Please print every record exactly as it stands, leaving out the pictures.
The data: Begin
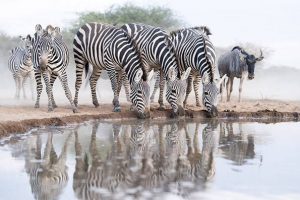 Запознајте го дивиот свет на Африка преку овие фотографии! 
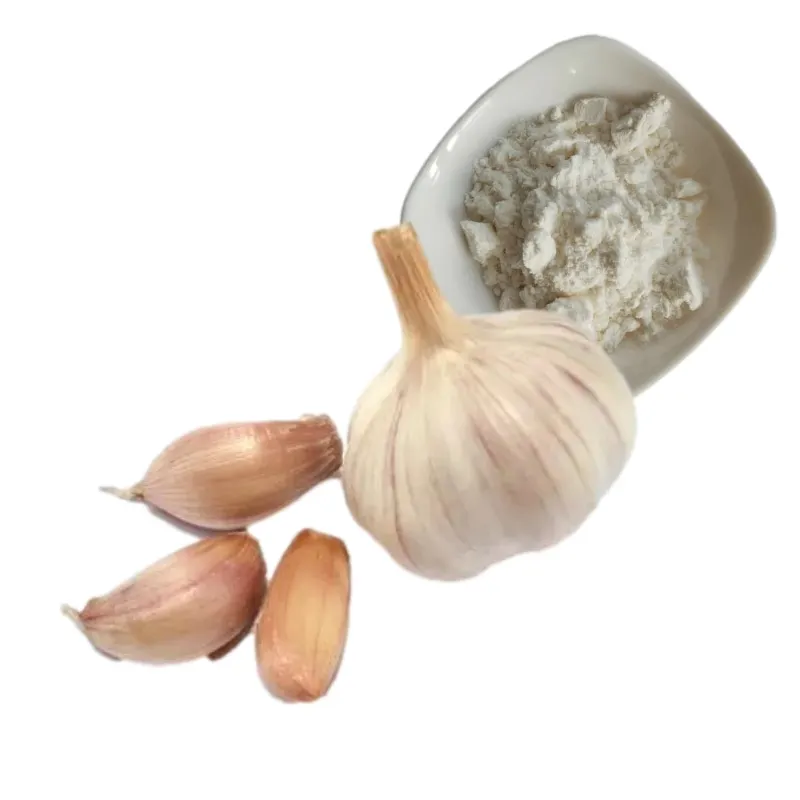 food grade garlic allicin powder bulk  with strong smell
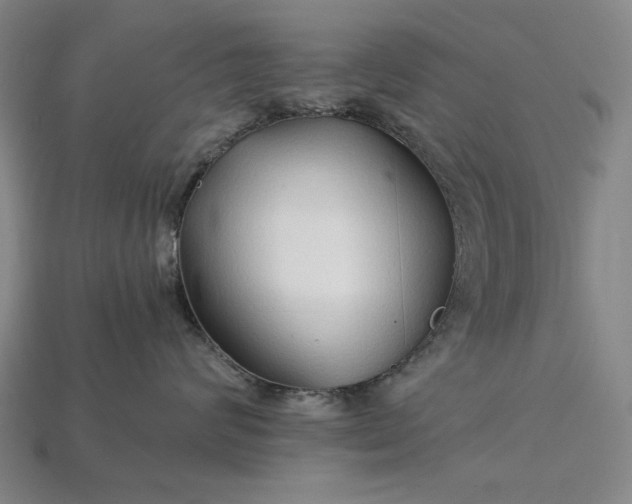 X0000115270624200911131809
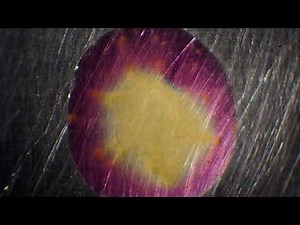 Ferroxyl indicator time-lapse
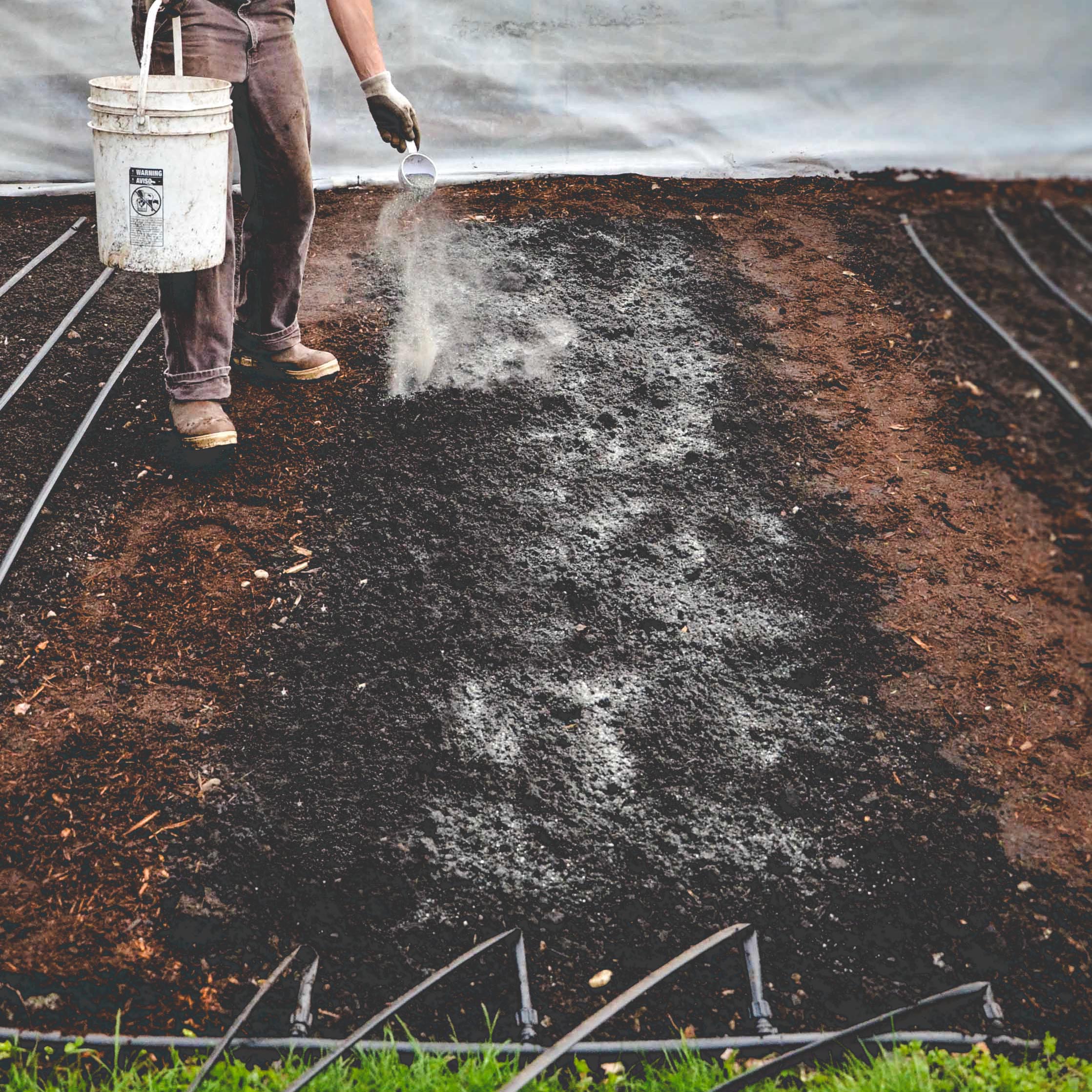 Applying lime to a garden.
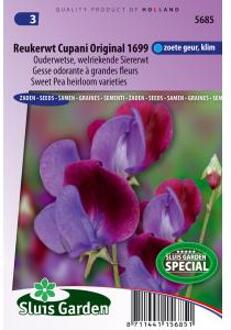 Sluis Garden Reukerwt Cupani Original 1699 (lathyrus)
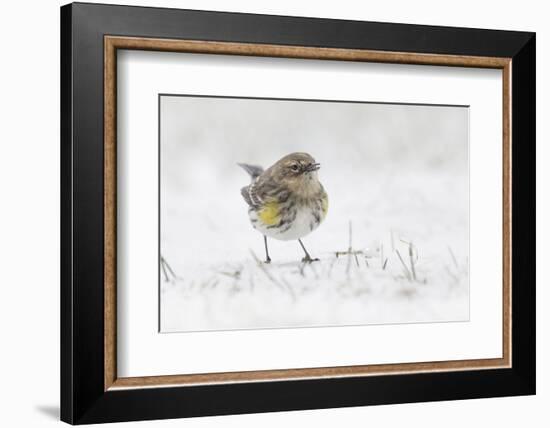 Yellow-rumped warbler foraging in snow-Adam Jones-Framed Photographic Print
The data: End
## Written response
 Запознајте го дивиот свет на Африка преку овие фотографии! 
 food grade garlic allicin powder bulk  with strong smell
 X0000115270624200911131809
 Ferroxyl indicator time-lapse
 Applying lime to a garden.
 Sluis Garden Reukerwt Cupani Original 1699 (lathyrus)
 Yellow-rumped warbler foraging in snow-Adam Jones-Framed Photographic Print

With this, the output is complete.